È forse ancora più significativo l’altro video, Sybil, e anche in questo caso all’origine c’è una produzione teatrale, stavolta un’opera da camera, Waiting for the Sybil, andata in prima al Costanzi nel settembre del 2019. Le tracce e le ombre dei corpi degli attori-cantanti, che sul palco erano azionati quasi meccanicamente, si sono tradotte in profezie rimaste su carta, proiettate schiaffeggiando qualsiasi quiete interiore. Wait again for better Gods / Wait again for better People, oppure You will live longer than a horse / But not nearly long as a crow. Quei dannati corvi che si ostinano a vivere più di noi sono gli stessi uccellacci che gracchiano, concludendo le strofe: No place will resist destruction o ancora peggio Inside you is lodged the stone of death.

Kentridge si nutre ancora con sguardo candido di tanta cultura occidentale, senza temere che le sue appropriazioni siano indebite, anzi semmai rifonda a ogni ora, con le sue ombre afro sporcate dal carboncino e dalle cancellature, il senso profondo di ogni opera estratta. Anche la Sibilla di Michelangelo, con quella sua faccia un po’ tonta, esce in fin dei conti rigenerata dal trattamento.

Sono ormai lontani i tempi in cui Felix Teitelbaum e gli altri antieroi dei suoi primi film si aggiravano sconsolati per le terre devastate dal fallimento del loro capitalismo, basato sullo sfruttamento minerario, e meditavano allo specchio esili che non conducono più a nulla.
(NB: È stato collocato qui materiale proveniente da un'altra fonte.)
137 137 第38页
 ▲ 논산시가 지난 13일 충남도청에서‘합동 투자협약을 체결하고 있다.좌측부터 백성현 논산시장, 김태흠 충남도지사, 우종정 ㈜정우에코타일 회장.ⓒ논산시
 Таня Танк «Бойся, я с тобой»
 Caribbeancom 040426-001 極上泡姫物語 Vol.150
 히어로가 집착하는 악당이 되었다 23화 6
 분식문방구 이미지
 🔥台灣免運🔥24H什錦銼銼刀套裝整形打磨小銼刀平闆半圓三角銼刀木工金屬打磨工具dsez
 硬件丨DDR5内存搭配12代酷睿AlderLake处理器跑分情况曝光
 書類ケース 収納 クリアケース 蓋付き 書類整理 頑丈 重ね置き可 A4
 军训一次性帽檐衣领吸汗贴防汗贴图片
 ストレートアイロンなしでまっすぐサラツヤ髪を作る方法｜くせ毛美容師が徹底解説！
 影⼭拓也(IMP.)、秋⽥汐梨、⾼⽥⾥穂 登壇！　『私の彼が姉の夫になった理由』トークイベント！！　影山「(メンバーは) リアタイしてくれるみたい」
Ora un modo di viaggiare e di procedere per il mondo si è definito, anche utilizzando vecchie mappe coloniali o che servono a fare la guerra: basta sopprimere la loro tessitura informativa con gigantografie nere, come accade negli arazzi esposti al piano terra di Palazzo Branciforti, dove sfila la collezione di vasi e ceramiche greche della Fondazione Sicilia, nell’allestimento pensato da Gae Aulenti una decina di anni fa.

Quell’ascendenza locale che Kentridge sbandiera come risorsa imprescindibile per creare aggiunge poi altri strati di paesaggio, che qui si confrontano con le vedute sette-ottocentesche di chi andava facendo il Grand Tour in Sicilia. Un po’ come è capitato anche a lui, che si trova ad ammettere di voler riutilizzare immagini del Monte dei pegni per l’opera teatrale che sta ultimando. L’attraversamento delle città, viste come sistemi di storie che si concretizzano in segni, finisce quindi per diventare una nuova cifra stilistica per l’autore, che ha sempre pronto un suo armamentario, che non serve tanto a decostruire un immaginario quanto a liberare fantasmi, frasi, azioni performative che incarnano stati d’animo, ribellioni, condizioni.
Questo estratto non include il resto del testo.